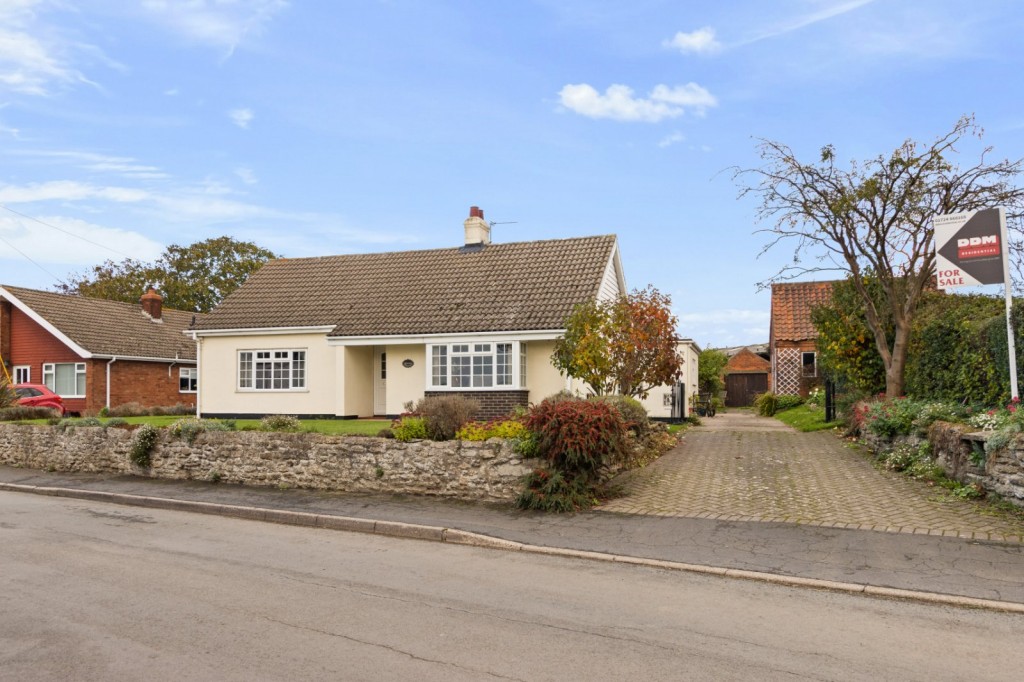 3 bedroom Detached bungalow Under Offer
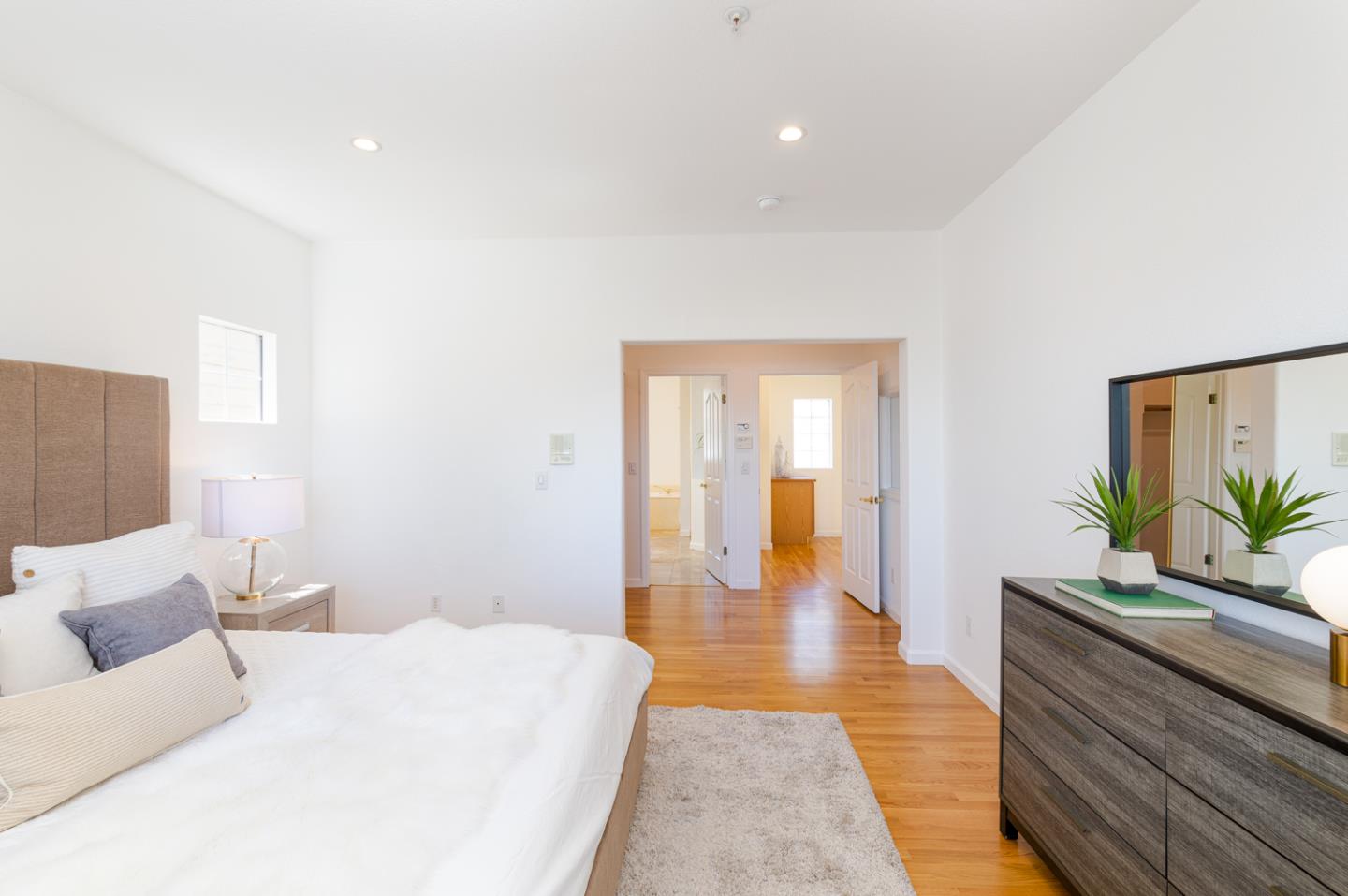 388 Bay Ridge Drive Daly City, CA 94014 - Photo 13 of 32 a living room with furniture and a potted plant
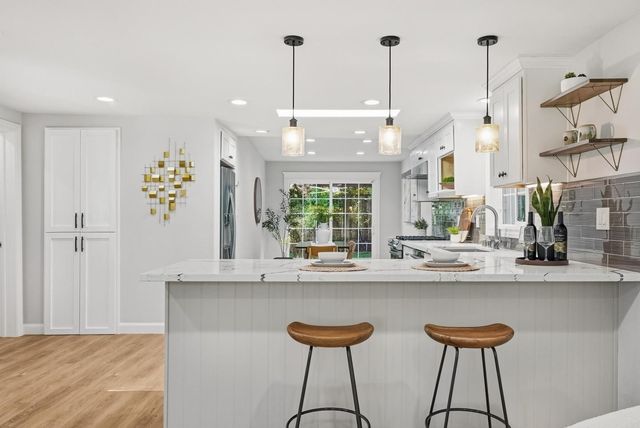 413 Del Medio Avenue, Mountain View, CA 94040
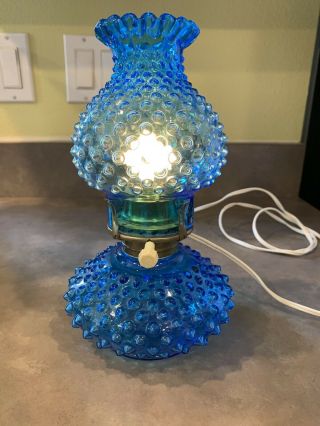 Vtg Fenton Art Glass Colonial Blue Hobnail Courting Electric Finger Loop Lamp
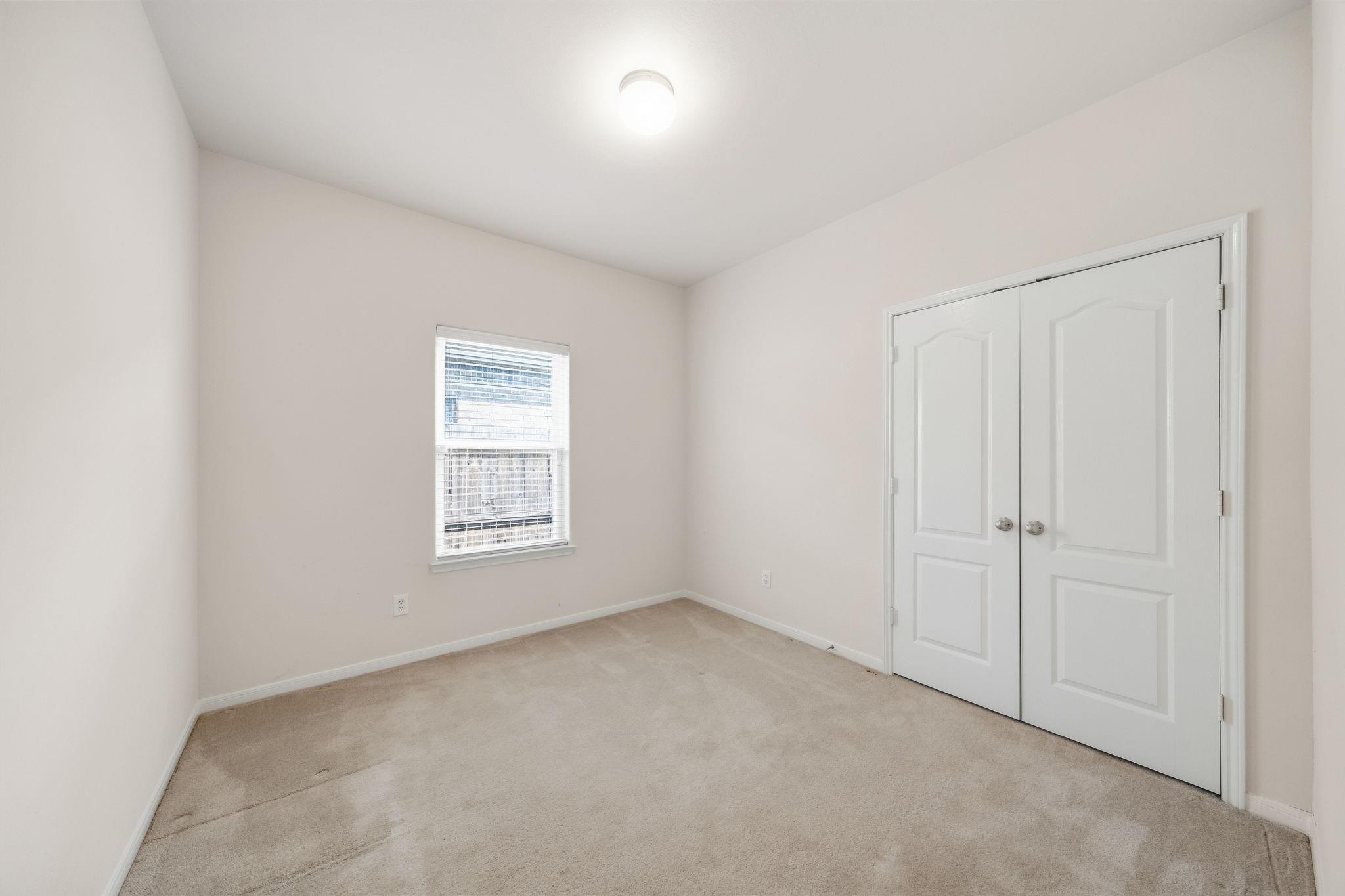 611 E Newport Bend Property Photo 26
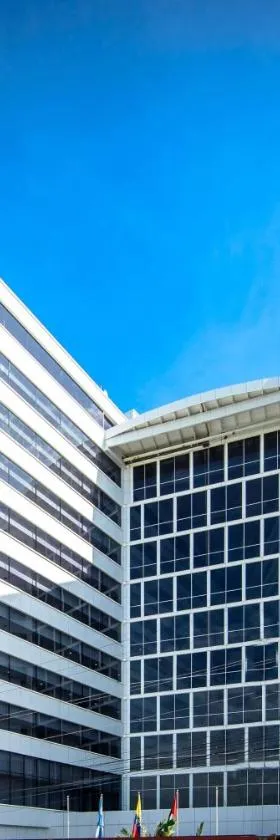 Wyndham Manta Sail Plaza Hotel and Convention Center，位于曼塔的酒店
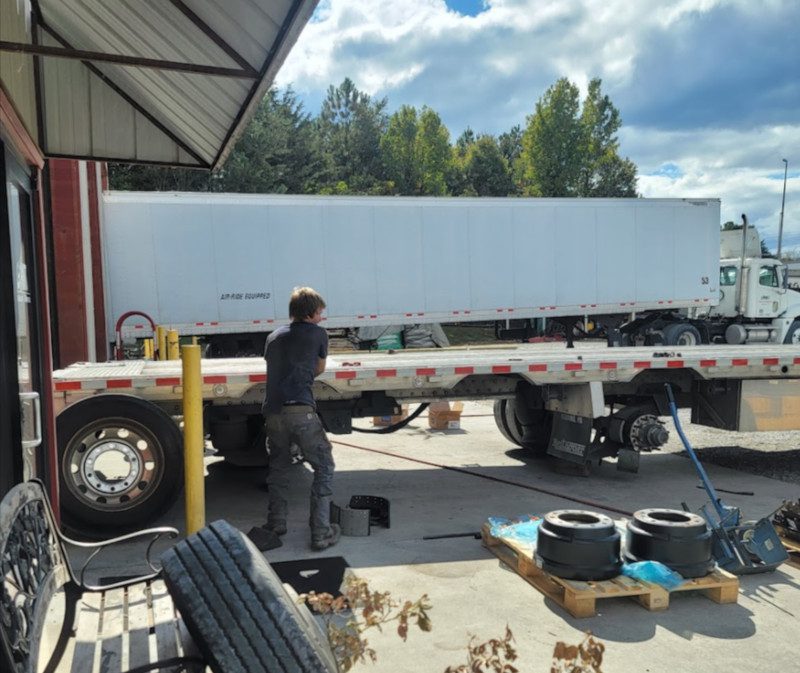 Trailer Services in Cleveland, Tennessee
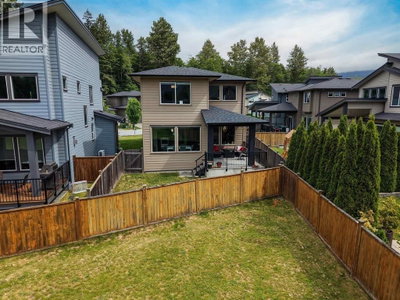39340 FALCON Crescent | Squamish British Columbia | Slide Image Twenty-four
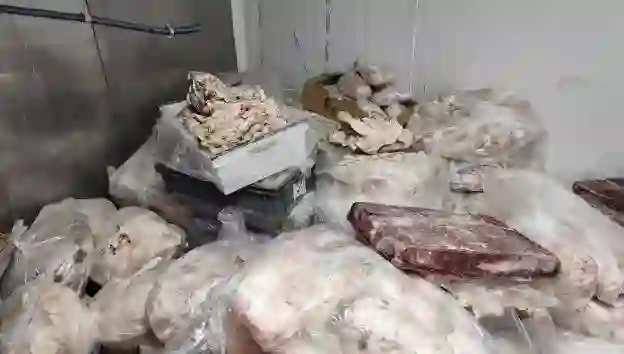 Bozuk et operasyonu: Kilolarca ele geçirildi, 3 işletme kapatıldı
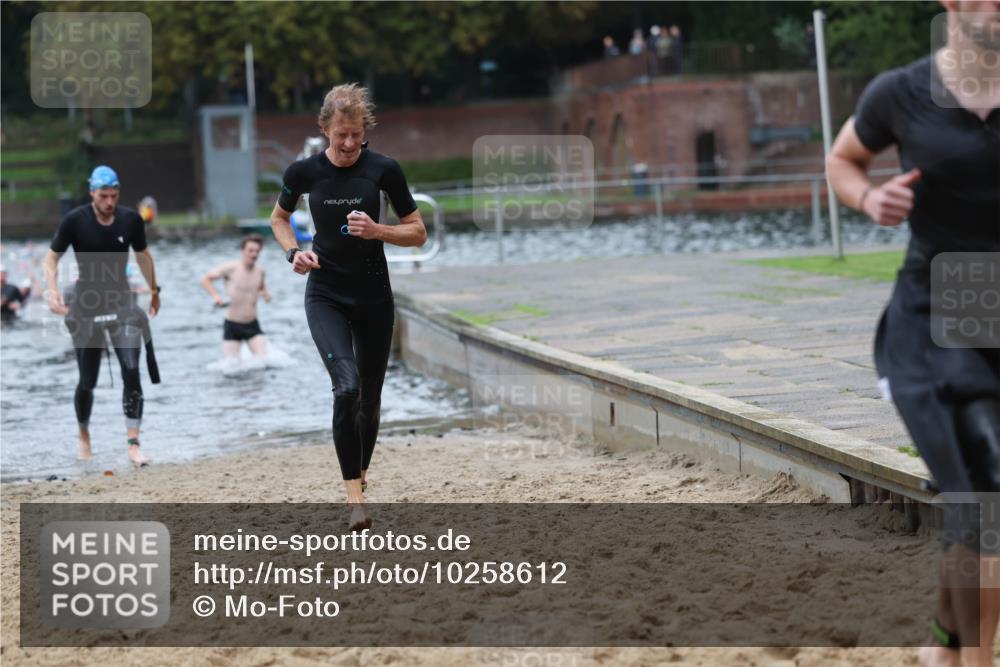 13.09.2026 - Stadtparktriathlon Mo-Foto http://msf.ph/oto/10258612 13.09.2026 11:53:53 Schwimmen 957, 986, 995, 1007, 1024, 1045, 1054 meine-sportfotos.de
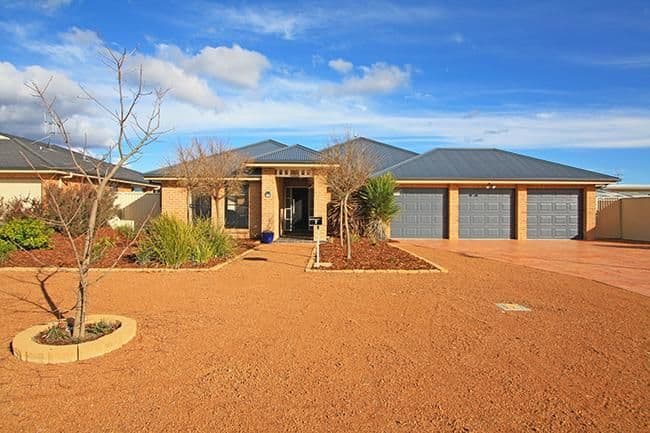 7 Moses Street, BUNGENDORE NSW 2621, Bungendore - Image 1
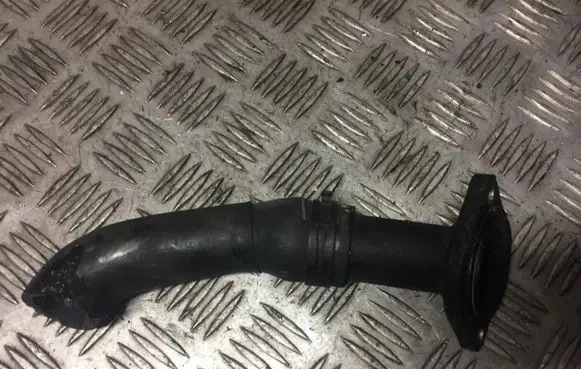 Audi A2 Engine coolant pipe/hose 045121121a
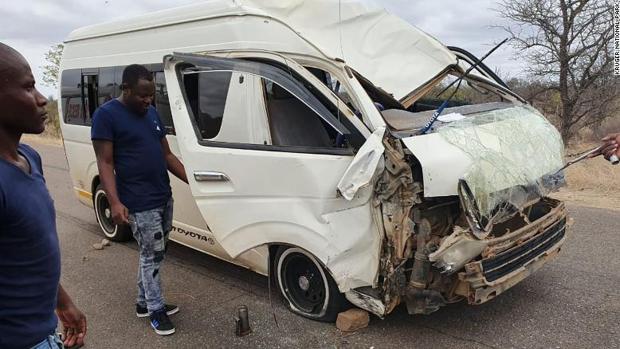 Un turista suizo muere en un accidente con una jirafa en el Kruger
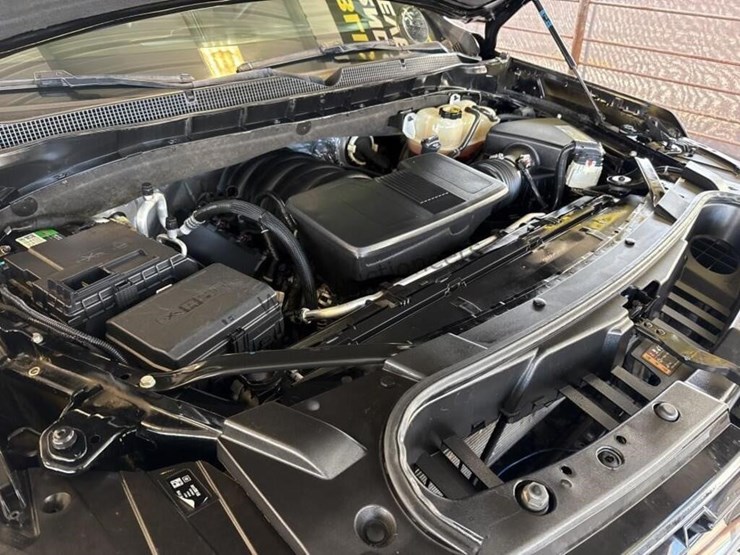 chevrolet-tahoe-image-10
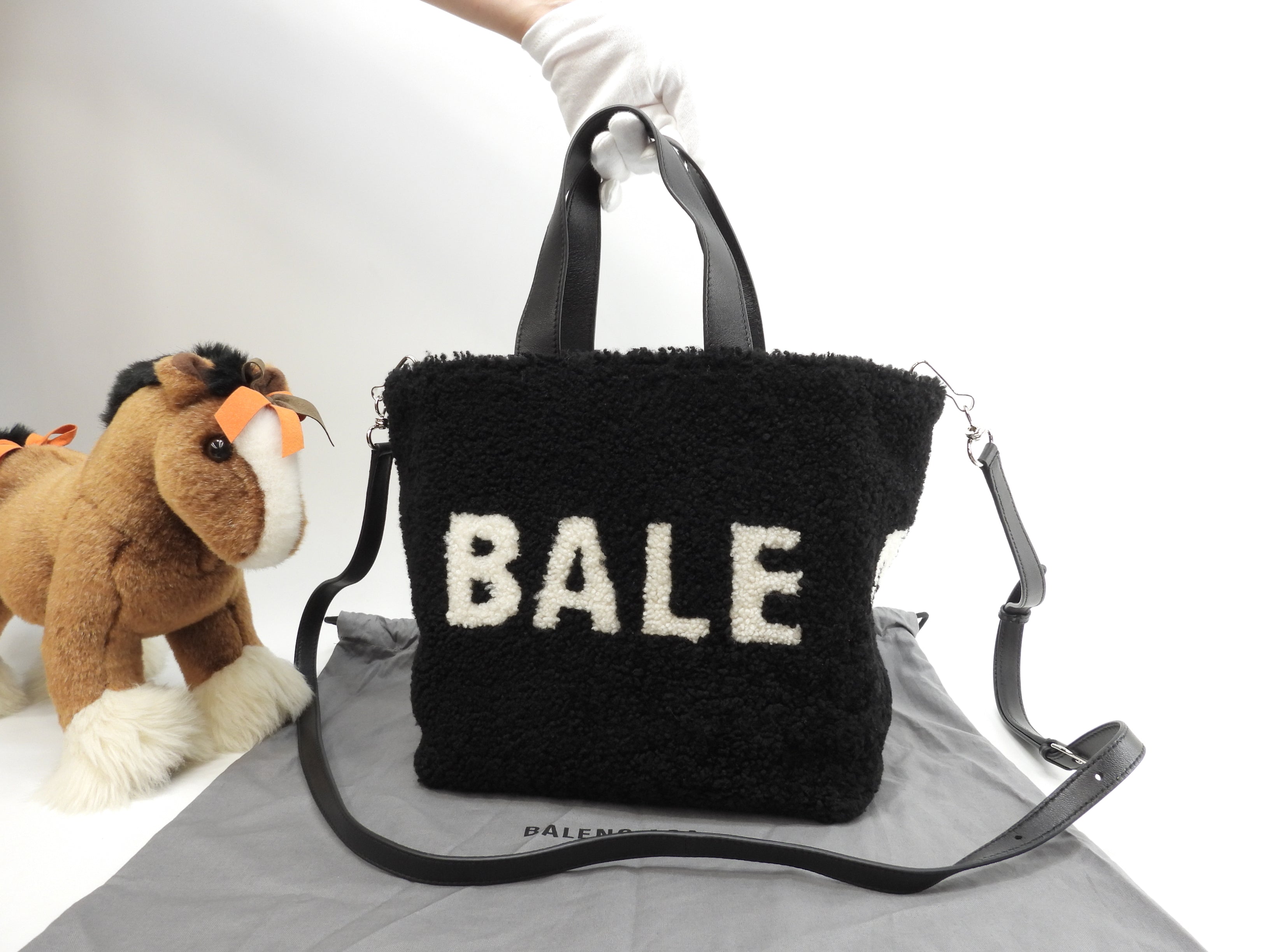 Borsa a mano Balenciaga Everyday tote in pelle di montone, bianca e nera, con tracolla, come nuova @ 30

[About this task]: Look above for the line with "611 E Newport Bend Property Photo 26" and the line with "Bozuk et operasyonu: Kilolarca", then copy exactly the lines from the first through the second, both kept, with no pictures.

[Answer]:
 611 E Newport Bend Property Photo 26
 Wyndham Manta Sail Plaza Hotel and Convention Center，位于曼塔的酒店
 Trailer Services in Cleveland, Tennessee
39340 FALCON Crescent | Squamish British Columbia | Slide Image Twenty-four
 Bozuk et operasyonu: Kilolarca ele geçirildi, 3 işletme kapatıldı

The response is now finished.